How to Read a Poem

Professor Kristin SamuelianGeorge Mason Literature Professor Kristin Samuelian has some hints about how to get the most out of your reading of a poem.

Before you try to write about a poem, read it out loud.

It’s difficult for us to think of reading poetry as a skill that we must develop.  For at least the last 200 years (but, interestingly enough, not much longer than that) we have thought of poetry as a literary genre that is primarily emotive and deeply personal.  In other words, a poem is either the expression of the poet’s most dearly held thoughts and therefore not available to interpretation by an “outsider,” or it is the expression of anyone’s most dearly held thoughts, and therefore available to just about any interpretation we wish to put on it.  In neither of these formulations is the understanding and interpretation of poetry work.

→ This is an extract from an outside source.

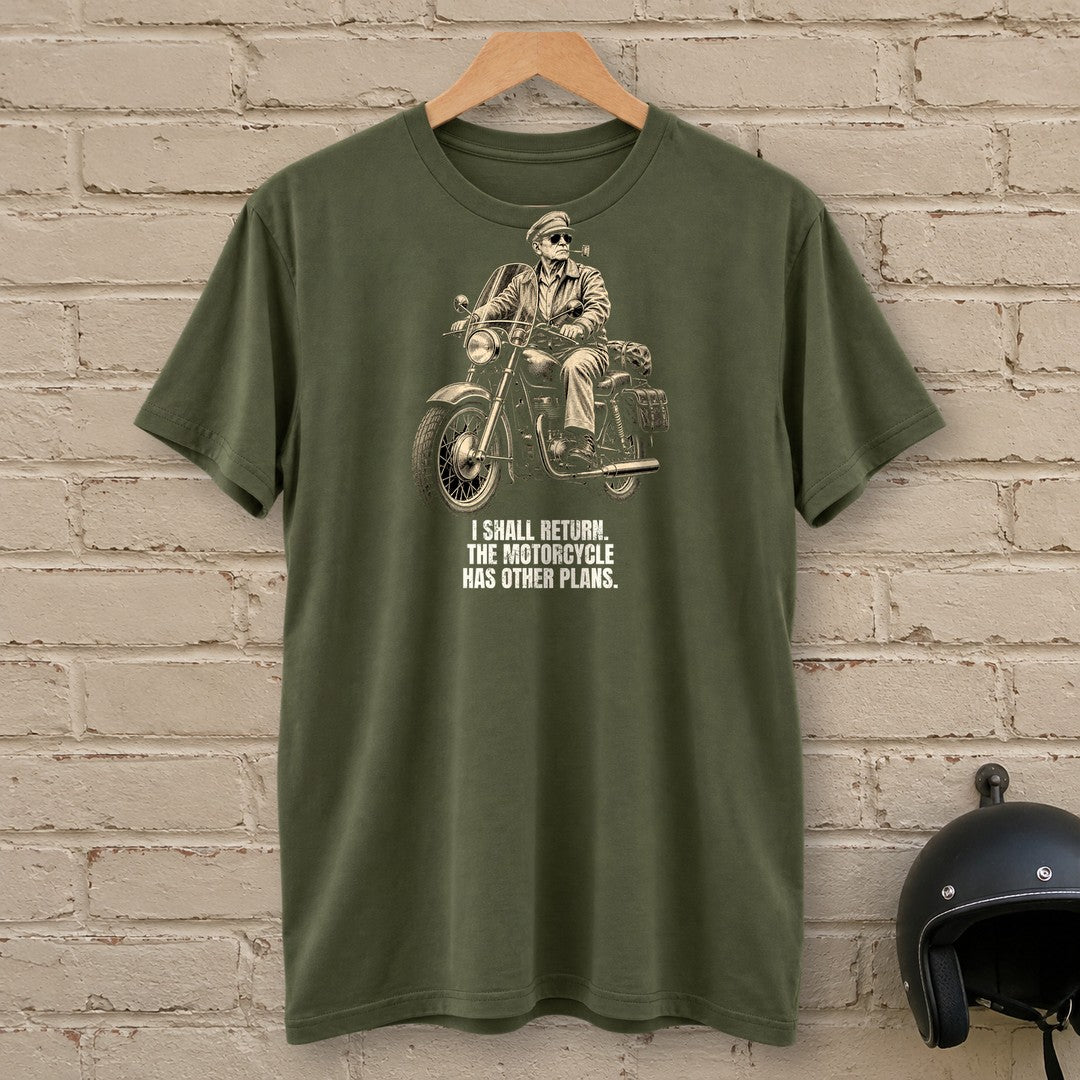 Douglas MacArthur Motorcycle Has Other Plans T-Shirt - Military Green - brick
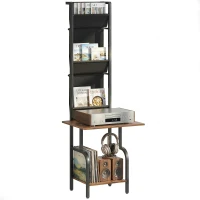 HOMCOM Vinyl Record Player Stand Record Storage with Player Stand Oxford Fabric Pockets Bottom Shelf Rustic Brown and Black(m-10)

And yet anything that is truly rewarding, as we all know, involves work.  And often, the harder the work, the greater the reward. The “work” of understanding poetry involves, at its most basic level, understanding the relationship between, on the one hand, our emotional or affective response to a poem, and, on the other hand, the work that the poet has done to produce that response.  This means looking at how a poem is put together—its structure, its rhythmic and rhyming patterns, the language used, even the organization of sentences—and trying to figure out how the particular combination of structure, language, syntax, rhythm, and rhyme in a given poem works to produce that poem’s unique effect.

What this should mean for you as readers of poetry is that you should count on spending more time with a new poem than its length might seem to suggest to you.  Poems are often short on words but long in terms of time investment required.  For starters, plan on reading each poem three times.  Your first, fairly quick reading should give you a general sense of what the poem is about, what about it you don’t understand, and what your initial reaction to it is. 

The second time around, read more slowly; pay careful attention to footnotes, if there are any; if there aren’t, look up any unfamiliar words in a dictionary, and write the relevant definitions in the margins or in your notes; try to determine as much as you can about the poem’s structure, and pay closer attention to what puzzled or interested you in the first, brief reading. 

Finally, a third reading should be a synthesis of the first two: now that you know a little more about how the poem works, what can you say in a bit more detail, and with more confidence, about how it makes you feel?

Wait, though; you’re still not done.  After you’ve read the poem three times, made notes, and begun to feel a bit more confident about it, you need to read it one more time: aloud.  This is the part that makes many of us cringe, but it’s absolutely essential to an understanding of how the poem works.  Many words are chosen as much for how they sound as for what they mean or how they look.  Rhyme, rhythm (often called meter), even sentence structure, have a much stronger—sometimes even a different—impact on the poem’s meaning when spoken or heard.

So work through your self-consciousness; find a private place where you can’t be heard; get a partner from this or another class, and read poems to each other.  Do whatever you have to do, but read poetry aloud.  Otherwise, you’re not actually reading it.